Perugia: Javier Faroni studia la cessione, il Grifo cambia pelle
L’atmosfera intorno al Perugia è carica di attesa, con la dirigenza biancorossa impegnata a gestire una fase cruciale che potrebbe ridisegnare radicalmente il domani del sodalizio. Secondo quanto riportato da un approfondimento de La Nazione, la società di Pian di Massiano è al centro di manovre societarie delicate, con decisioni di peso rimandate alla fine del mese, come confermato dal direttore generale Borras in merito alla posizione di Riccardo Gaucci.
Il punto fermo di questa fase riguarda il futuro di Javier Faroni, che dopo aver guidato il club nelle ultime due stagioni sembra valutare con attenzione la propria permanenza. Sul tavolo si profilano diversi scenari: dall'autofinanziamento, passando per il supporto di nuovi partner commerciali, fino alla possibilità, sempre più concreta, di un ingresso di capitali esterni o di una dismissione totale del pacchetto azionario.

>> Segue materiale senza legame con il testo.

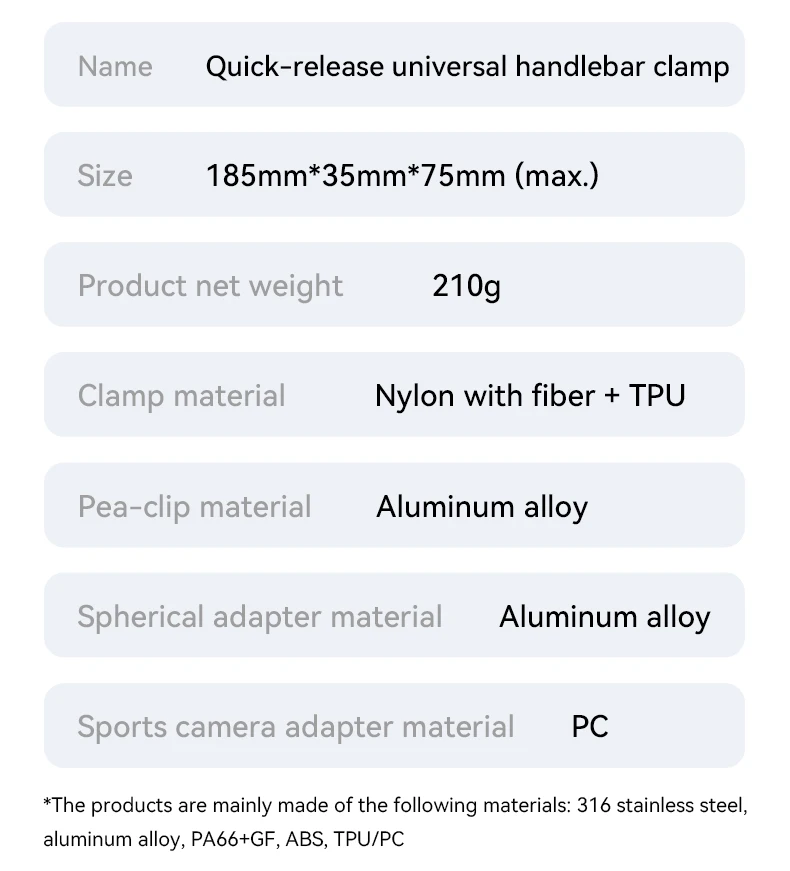 Cycling Motorcycle Clip Quick Release Magic Arm 360° Aluminum Alloy Super Clamp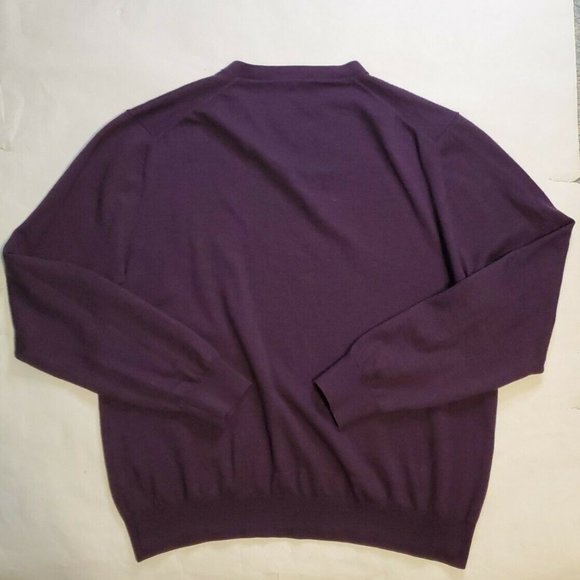 VTG Men’s Large 100% Italian Extra Fine MERINO WOOL Sweater Purple EUC - Picture 8 of 8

L’interesse attorno al Grifo non si limita a semplici sondaggi. Sempre citando le informazioni diffuse da La Nazione, pare che esistano interlocuzioni avanzate con potenziali acquirenti che non si sono limitati a un approccio esplorativo, ma avrebbero avviato un confronto serio per rilevare quote societarie. L'ipotesi in voga parla di una cessione parziale del trenta per cento, ma non si esclude, come accennato, un passaggio di mano dell'intero club.
La timeline è scandita in modo netto dalle scadenze federali. L'obiettivo della dirigenza è quello di definire l'assetto societario prima del 16 giugno, termine improrogabile per completare l'iscrizione ai prossimi campionati professionistici. È una corsa contro il tempo che richiede il rispetto di parametri economici e finanziari severi, inclusa la regolarizzazione di stipendi e contributi maturati fino al mese di maggio.
Nel frattempo, il panorama della prossima Serie C sta iniziando a delinearsi con precisione. La Nazione sottolinea come i quadri siano quasi definiti, con l'arrivo dai dilettanti di compagini come Ostiamare, Vado, Grosseto, Folgore Caratese, Scafatese, Barletta, Treviso, Desenzano e Savoia. A queste si aggiungono le retrocesse dalla Serie B, ovvero Pescara, Spezia e Reggiana, alle quali andrà ad affiancarsi la perdente del playout tra Bari e Sudtirol.
La sfida per il completamento dell'organico della terza serie continua a essere avvincente, con formazioni blasonate ancora impegnate nei playoff promozione, come Union Brescia, Salernitana, Ascoli e Catania. In questo contesto, il Perugia resta in attesa di capire quale sarà la sua configurazione societaria, consapevole che la serenità per affrontare la prossima stagione passerà inevitabilmente attraverso la risoluzione definitiva del nodo al vertice.